The European Central Bank must keep its policy options open beyond a crucial meeting in December as uncertainty over the likely evolution of inflation is extremely high, according to the accounts of the meeting.

The accounts show that the current hump in prices will be more durable than once thought, raising the risk that wages will start to adjust and keep price growth elevated.

The accounts showed on Thursday that the data available in December wouldn't resolve all the uncertainties surrounding the medium-term inflation outlook.

The Governing Council should keep enough optionality to allow for future monetary policy actions, including beyond its December meeting, the ECB said in its accounts.

The comments seem to echo calls made by conservative policymakers such as Jens Weidmann and Klaas Knot that the ECB should not commit to an extensive commitment beyond December as the inflation outlook could change quickly.

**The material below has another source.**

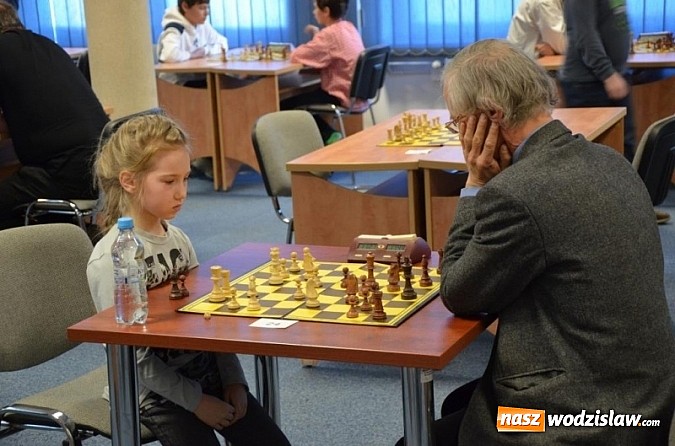 Zdjęcie w galerii na portalu naszwodzislaw.com: Znamy mistrzów powiatu w szachach wiadomości z regionu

In December, the bank will contemplate ramping up other purchases to pick up the slack, as it is certain to agree on winding down a 1.85 trillion euro $2.08 trillion emergency bond-buying programme from March.

While most policymakers agree on the need for continued support, they differ on how much support may be needed as the inflation path was moving up, risks were elevated and projections would have to be raised.

The accounts showed that the longer the inflation spike lasted, the more it would become embedded in longer-term inflation expectations.

The majority appeared to be of the opinion that even if risks were skewed towards higher inflation, the ECB needed to be patient and not tighten prematurely, especially since wages were not showing significant acceleration.

Policy doves who want to push for bond buying in Dec. argue that inflation will come down on its own as one-off factors are the main culprit, while wage inflation remains anaemic.

The risk that inflation will settle above the ECB's target, a mark that Conservatives have undershot for the past decade is raised by the fact that even if temporary, high price growth will eventually push up wages.

Both sides agree that a rate hike next year would be premature and the differences are about the pace of continued stimulus in the form of debt purchases.

The ECB said that market participants were questioning the credibility of the Governing Council's forward guidance. In this context, it was stressed that the Governing Council had to reaffirm its determination to act forcefully and persistently.